Sculpture's fascinating, rich history

University of Otago Prof Robert Hannah examines the "Otago Alexander", an ancient marble head...
University of Otago Prof Robert Hannah examines the "Otago Alexander", an ancient marble head depicting Alexander the Great. Photo by Gerard O'Brien.
The mysterious and tragic history of a 2300-year-old Otago Museum sculpture depicting Alexander the Great is expected to attract international attention.

The ancient marble head is believed to be from a statuette of Alexander and has been part of the Otago Museum's collections since 1948.

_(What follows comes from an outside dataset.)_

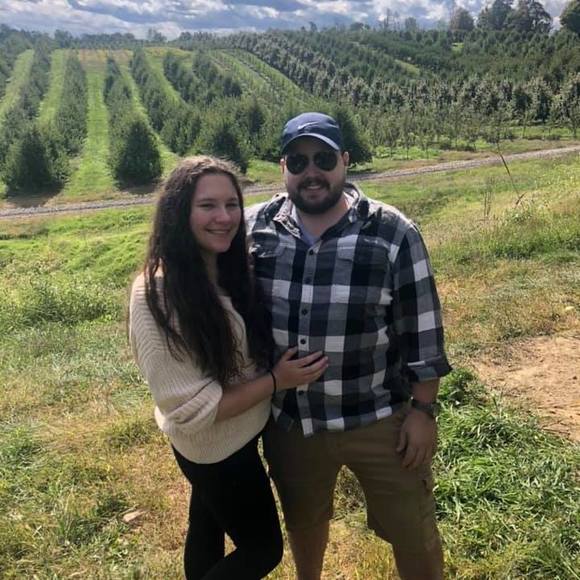 Profile Picture of Michelle Bayma (@michelle_bayma) on Poshmark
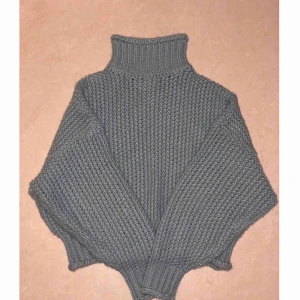  - Varm och mjuk mint grön stickad tröja från H&M. 50 kr i strl S.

Initially, little was known, and nothing had been published about the head, now known as the "Otago Alexander".

That changed when a scholarly chapter devoted to the sculpture, written by Prof Robert Hannah, of the University of Otago classics department, appeared in a recently published book titled Alexander & His Successors, edited by another Otago classicist, Dr Pat Wheatley, and Prof Hannah.

The book's front cover also features a photograph of the 12.8cm-high head, believed to be the only ancient sculpture of Alexander in the southern hemisphere.

Prof Hannah, who is the honorary curator of the museum's classics collections, said the sculpture was among the museum's three or four most significant classical works.

The "Alexander" and 35 other artefacts were given to the museum in 1948 by Dr Lindsay Rogers, a Dunedin-born surgeon and Otago University medical graduate, who served with the Royal Army Medical Corps during World War 2.

The marble head was originally located at Parthian Kish, in Iraq, about 80km from Baghdad and about 12km from Babylon, once a key centre in Alexander's far-flung empire.

Described by Prof Hannah as one of the museum's "more extraordinary benefactors," Dr Rogers worked as a professor of surgery at the Royal School of Medicine, Baghdad, in Iraq, after the war, until 1950, before returning to general practice in Te Awamutu.

He also won Yugoslav Government bravery awards for his sometimes harrowing earlier wartime exploits as a surgeon working in the Balkans with Marshall Tito's guerrilla forces.

His book Guerilla Surgeon (1957) recounts the harsh realities of that life: including civilian atrocities, patients attacked by wolves while hiding in forests, and four-inch nails being used to secure bones when surgical supplies ran out.

Dr Rogers drowned while holidaying in New Caledonia in 1962, when his car fell into a flooded river during a tropical downpour.

His wife escaped through an open window.

Prof Hannah said that during his 30 years as honorary curator, much research had been devoted to clarifying several matters involving the sculpture, including a likely date for its creation, which he now believed was close to the time Alexander had been alive.

He felt "huge satisfaction" in completing his research.

"It's like finishing a crossword puzzle."